I am new to FreeBSD and have a small problem. I installed FreeBSD with ZFS on my Dell T20 and everything works as expected, except the Wake on LAN. It uses the em driver which should support WOL.

Here are the facts:

If I start the PC and shut it down during the boot (before FreeBSD is booted) -> WOL works
If I boot into FreeBSD and force it to shutdown with long pressing the power button -> WOL works
If I shut it down with `shutdown -p` (I also tried `shutdown -h`, `halt`, power button, etc.) -> WOL doesn't work
My guess is, that FreeBSD somehow deactivates the NIC and that disables the WOL capabilities of the NIC.

As I said, I am new to FreeBSD and do not know exactly how the shutdown works, so I hope you guys can help me.


----------



## wblock@ (Dec 7, 2014)

I use WOL to wake a NAS system.  Over the last few months, I have noticed that now it sometimes requires sending the magic packet again.  No specific idea about when or how that happened, but I do know that FreeBSD does not disable WOL.


----------



## junovitch@ (Dec 17, 2014)

It could be something specific to the NIC that when the BIOS initializes it all WOL options are on and when FreeBSD initializes it not all WOL options are on.  Try seeing what WOL options are set with `ifconfig <interface>` and look under options.  Try enabling all of them with `ifconfig <interface> wol` and shutting down after that to see if they are preserved.  Take a look at `man ifconfig | less -p wol` to go straight to the different types that can be enabled.


----------



## Seren (Mar 4, 2016)

I'm having the same problem as moogle: the T20 wasn't responding to the WOL packet even though WOL was configured in the BIOS, the NIC's status lights were active, and I could see the packet on the wire.

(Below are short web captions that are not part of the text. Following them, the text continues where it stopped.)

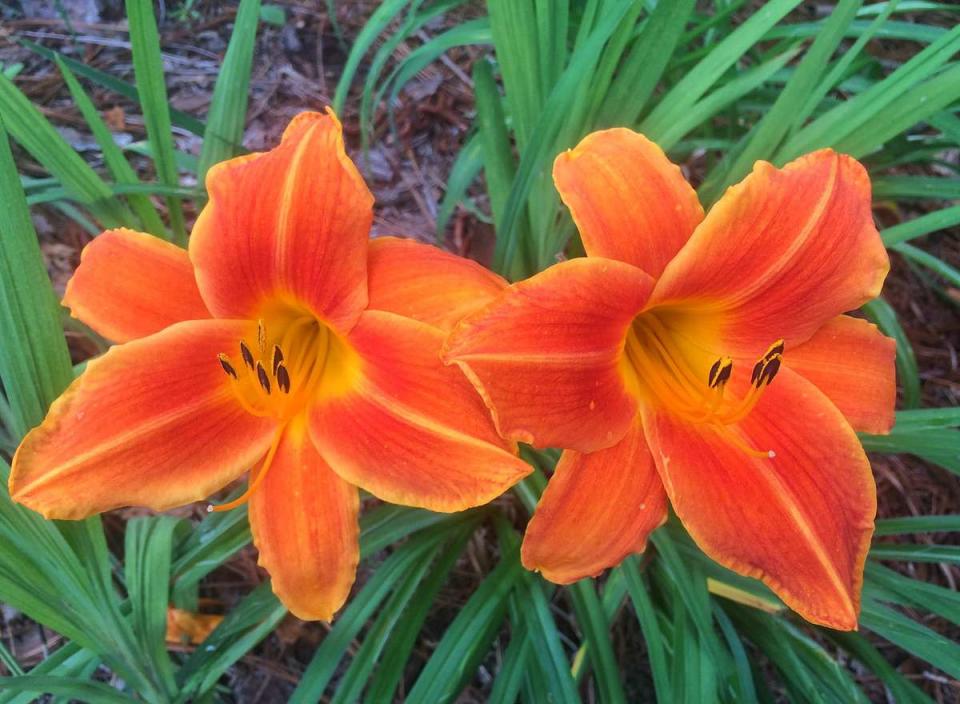 Daylilies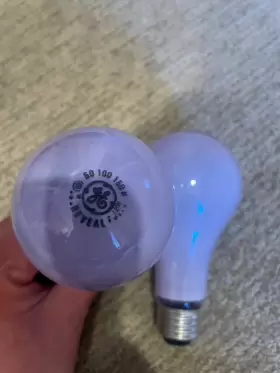 97784 GE Lighting Reveal Light Bulb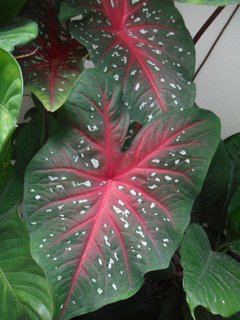DSCF2374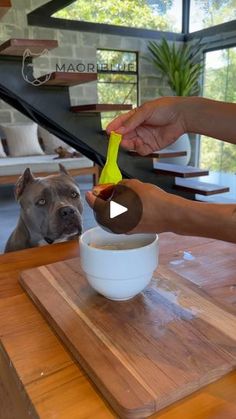 a dog is eating out of a bowl while someone holds the spoon in their hand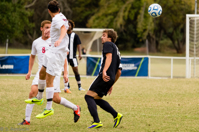 ISO 1600, 1/1600 sec at f / 5.6, 300 mm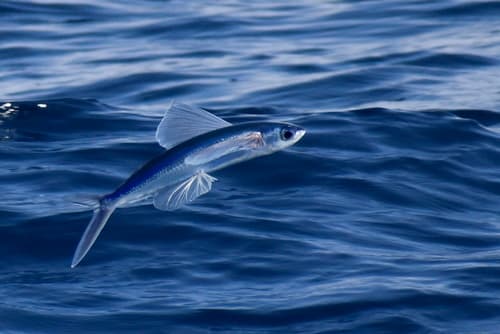 Clearwing Flyingfish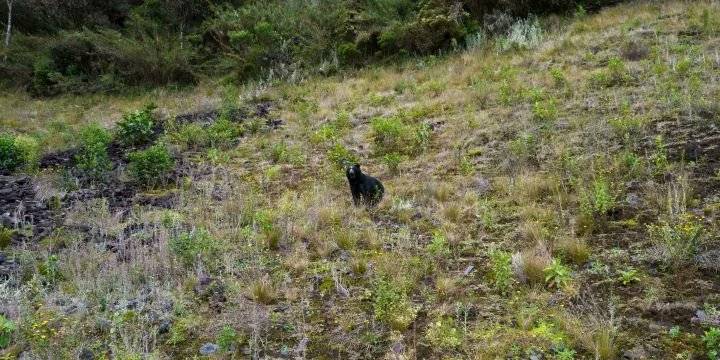 El video de un oso junto a un embalse sin agua prende las alarmas por sequía en Colombia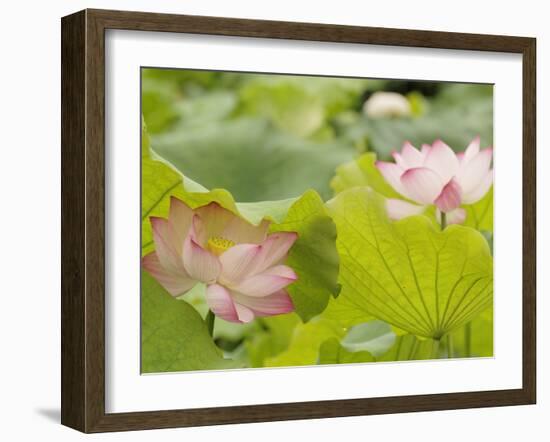 Lotus flower, China-Adam Jones-Framed Photographic Print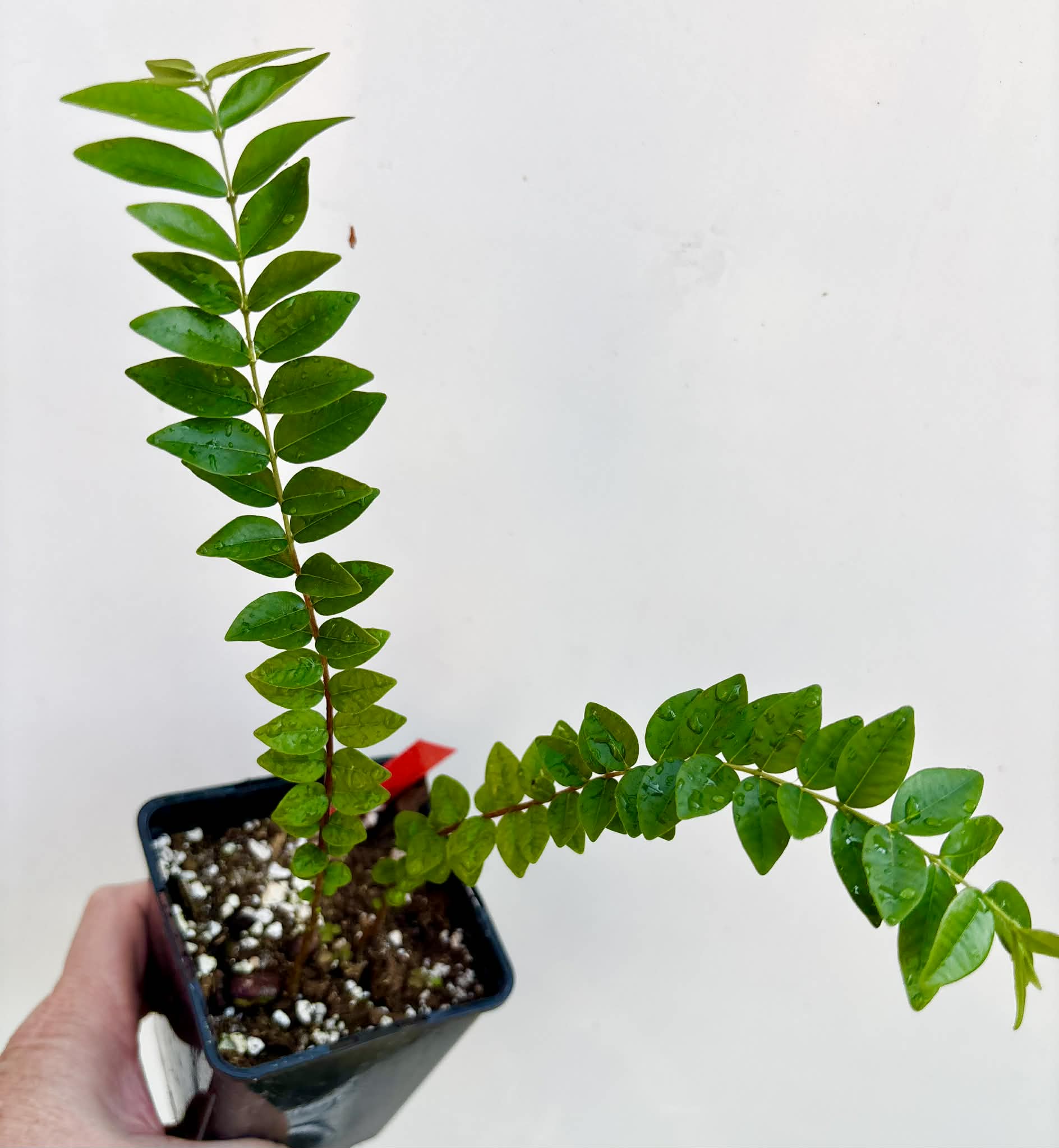 2 in 1 pot - Myrciaria sp Pastora - 2 seedlings in one pot / 2 Sämlinge in einem Topf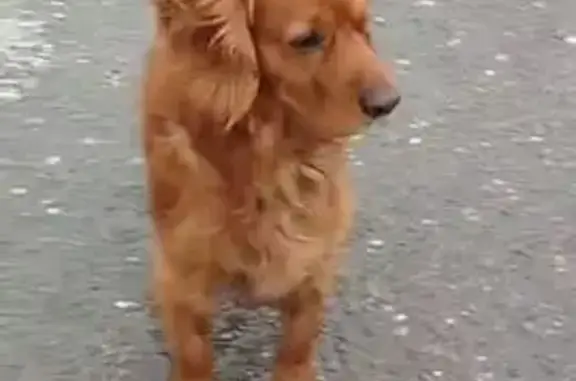 Найдена собака, Волгоград, фото: Найдена собака, Волгоград - похожа на спаниеля с ошейником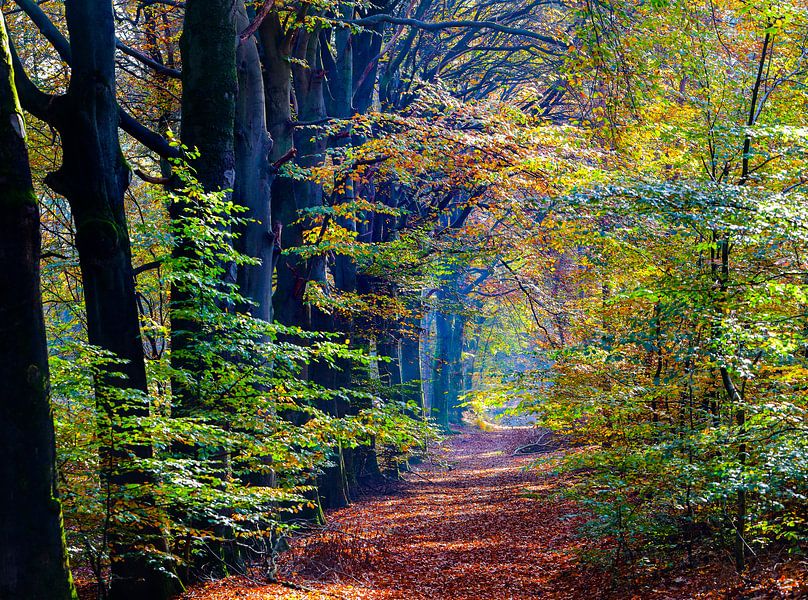 Herbstwald von Marieke Funke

I temporarily fixed it by disabling WOL in the BIOS, applying the change, and then re-enabling it. However after booting up (into FreeNAS in my case), and then issuing a shutdown command to the system and waiting for it to turn off, it no longer responds to WOL.

Something seems to be disabling WOL functionality when the system is running or during shutdown. I didn't see anything in the ifconfig output, and `ifconfig em0 wol` says that it doesn't support it. Maybe the driver is disabling it...?


----------